La transferencia de estos principios al ámbito arquitectónico no implica una reproducción directa del lienzo, sino una reinterpretación condicionada por las características propias de la construcción. Oud adapta la lógica abstracta del neoplasticismo a una fachada estrecha y situada dentro de una trama urbana consolidada. Los planos cromáticos y la modulación geométrica permiten compensar las limitaciones dimensionales del solar, integrando vanos, superficies opacas y elementos tipográficos dentro de una composición unitaria.
Esta condición convierte a la fachada en un dispositivo visual que modifica la relación entre edificio y calle. Mientras la pintura de Mondrian se organiza dentro de los límites del soporte pictórico, la intervención de Oud introduce esa lógica abstracta en un contexto urbano concreto, donde la percepción depende del recorrido del observador y de la relación con las edificaciones próximas. El Café De Unie evidencia así las posibilidades de la arquitectura moderna para incorporar recursos provenientes de las artes plásticas, al mismo tiempo que revela las tensiones existentes entre una composición concebida como sistema visual y las condiciones materiales y espaciales de la edificación.
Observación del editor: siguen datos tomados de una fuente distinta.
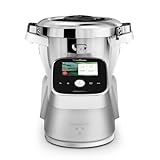 Moulinex i-Companion Touch Pro, Robot Da Cucina Multifunzione con Bilancia Integrata, 19 Modalità di Preparazione e Cottura, Capacità Utile 3L, Connettività WiFi/Bluetooth e Schermo Touch, HF93CC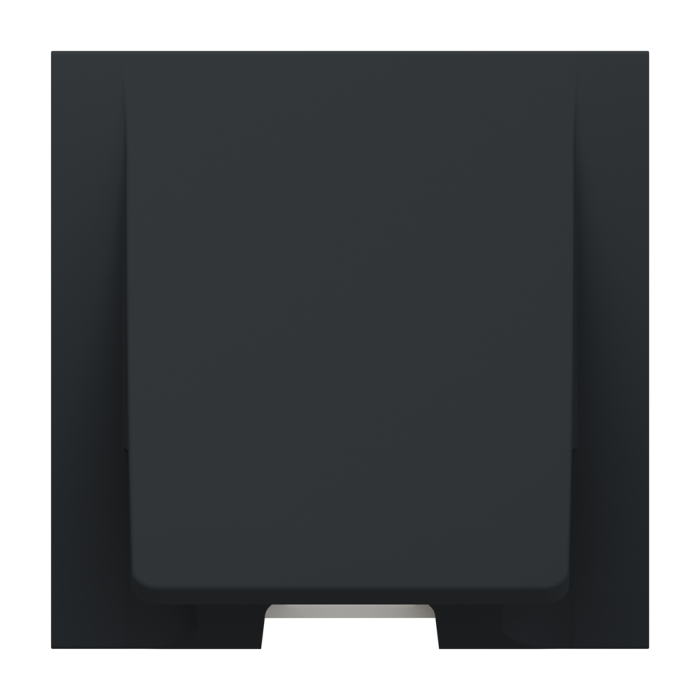 Вивід кабелю, чорний, 16 А, 2 модулі, Unica New - Schneider Electric [NU386254]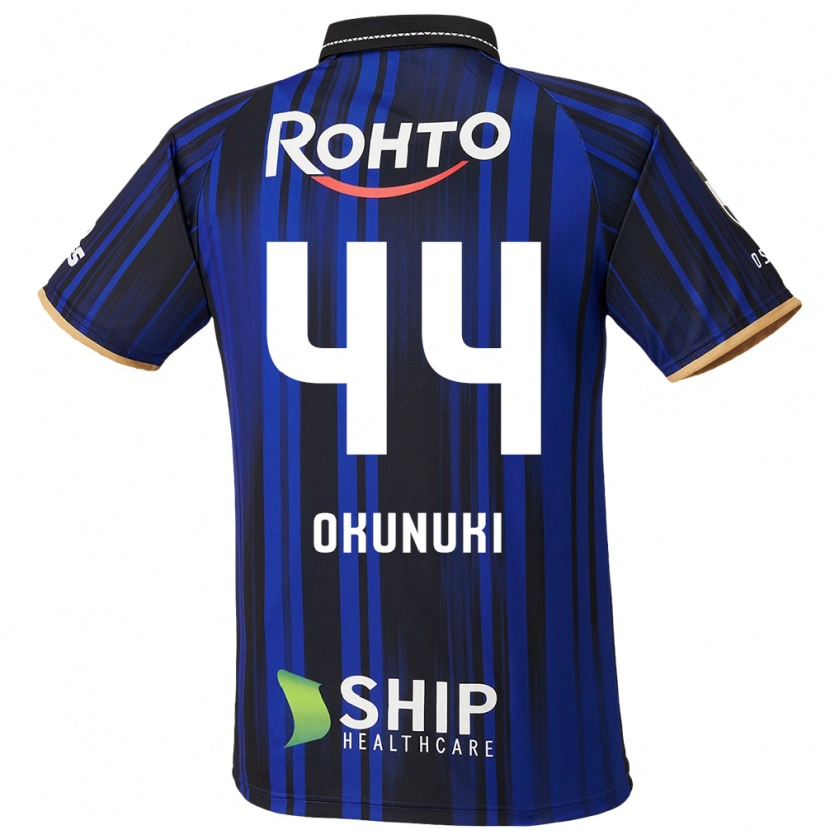 Danxenキッズ奥抜侃志#44ブルー ホワイト ブラックホームシャツ2025/26ジャージーユニフォーム
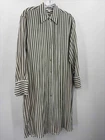 Pre-Owned Vince Green Size Small Stripe Knee Length Long Sleeve Dress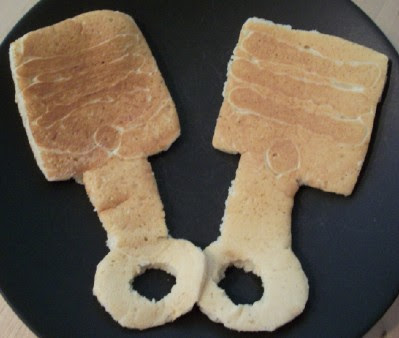Piston Pancakes for Father's Day!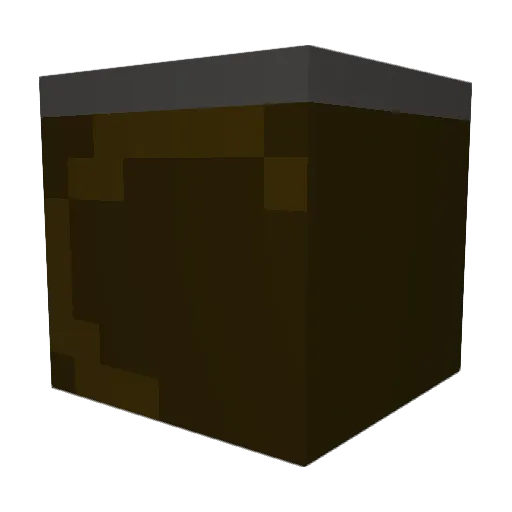 Poohead0 Minecraft avatar head, 3D render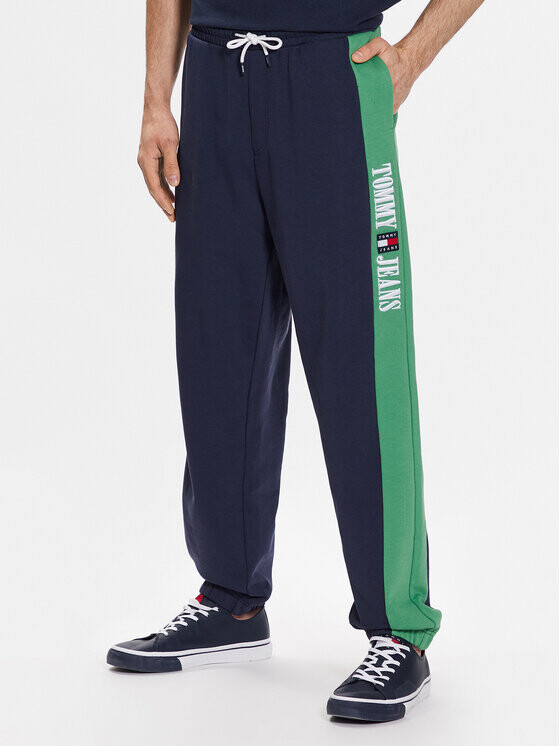

Спортивные брюки свободного кроя Tommy Jeans, синий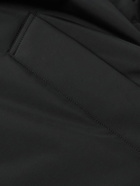 Zegna - Quilted Padded Shell Hooded Down Jacket - Black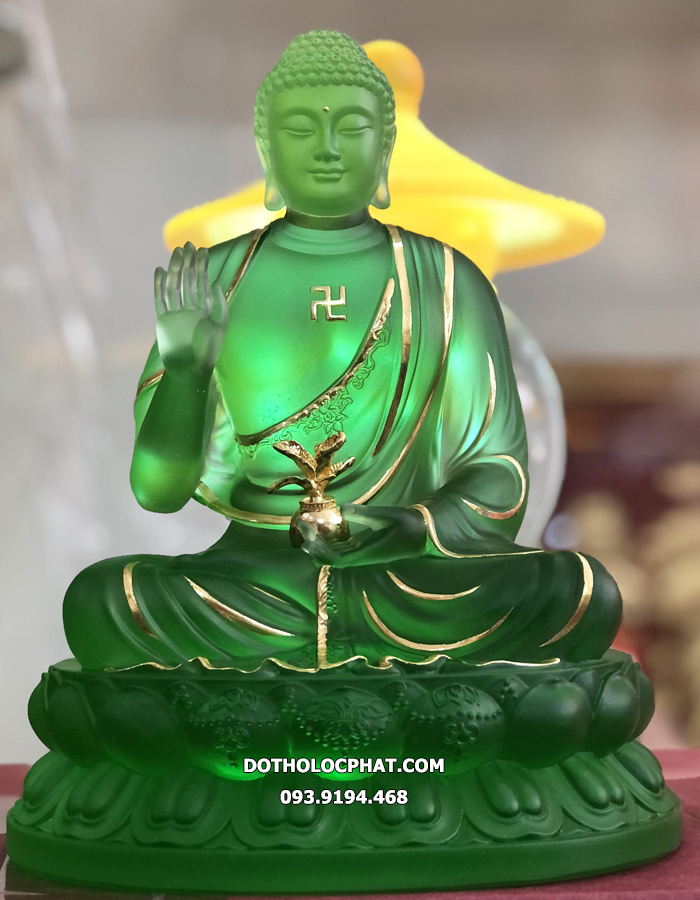 Bộ Thất Phật Dược Dát Vàng Sư 7 Thế Tay DS-036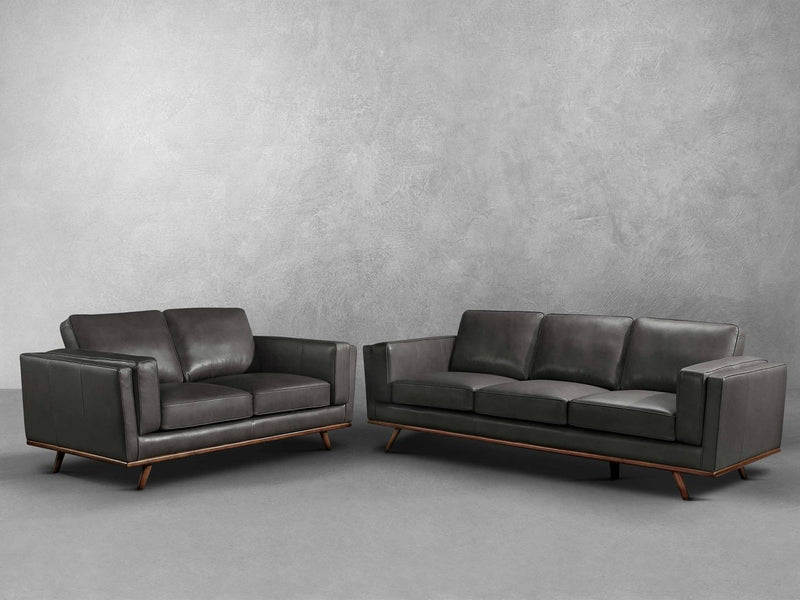 Taverly 2-pc Leather Sofa and Loveseat Set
4. Análisis de los Elementos Arquitectónicos: Composición, Masa y Vacío
La organización vertical del Café De Unie responde a un sistema compositivo basado en la modulación geométrica y en la articulación precisa entre elementos planos y componentes tridimensionales. La reducida dimensión del frente urbano y la profundidad limitada de la parcela condicionaron una solución en la que Oud descompone la fachada mediante relaciones proporcionales entre superficies cromáticas, huecos, elementos salientes y líneas de separación. La operación no se reduce a la aplicación superficial del color, sino que implica una construcción visual de la envolvente mediante la integración de componentes arquitectónicos y gráficos dentro de una misma estructura compositiva.
Elementos habitualmente asociados a funciones técnicas, como las canaletas de evacuación de aguas, adquieren en esta fachada una presencia formal específica. Su disposición horizontal contribuye a organizar la lectura del plano exterior y establece relaciones de continuidad con las líneas cromáticas que estructuran la composición. Estos componentes participan en la definición del ritmo visual de la fachada, reforzando la transición entre superficie y volumen y contribuyendo a la percepción tridimensional de un conjunto concebido a partir de principios bidimensionales.
El sistema de bandas horizontales y verticales permite establecer un equilibrio entre superficies opacas y áreas transparentes. Las ventanas no aparecen como perforaciones independientes dentro del muro, sino como elementos integrados en la trama ortogonal general. Su posición responde a la necesidad de mantener la continuidad compositiva de la fachada sin perder las condiciones funcionales de iluminación y apertura hacia el interior. La organización del conjunto produce una lectura progresiva del edificio, donde los diferentes elementos se relacionan mediante jerarquías visuales más que mediante una composición tradicional basada en ejes de simetría.
La tipografía constituye otro componente esencial dentro de esta operación. Los rótulos del Café De Unie forman parte del sistema arquitectónico de la fachada y no funcionan únicamente como señalización comercial. La escala, posición y tratamiento gráfico de las letras responden a los mismos principios de simplificación formal y organización geométrica presentes en el resto de la composición. De este modo, el edificio integra arquitectura y comunicación visual dentro de una única configuración urbana.
Esta autonomía formal de la fachada introduce una relación particular con la organización interior del edificio. El programa del café-restaurante responde a las necesidades funcionales de un solar estrecho y mantiene una estructura espacial convencional, mientras que la envolvente desarrolla una lógica compositiva independiente. La diferencia entre interior y exterior evidencia una de las cuestiones centrales del proyecto: la posibilidad de aplicar los principios visuales del neoplasticismo a la superficie arquitectónica sin transformar completamente la configuración espacial del edificio.
La resolución material, basada en superficies lisas, contrastes cromáticos y una diferenciación controlada entre planos y elementos salientes, refuerza la lectura de la fachada como un sistema autónomo dentro del tejido urbano de Róterdam. El Café De Unie demuestra así cómo una intervención limitada en escala podía concentrar problemas fundamentales de la arquitectura moderna: la relación entre estructura y representación, entre función y expresión, y entre la construcción física y la organización visual del espacio público.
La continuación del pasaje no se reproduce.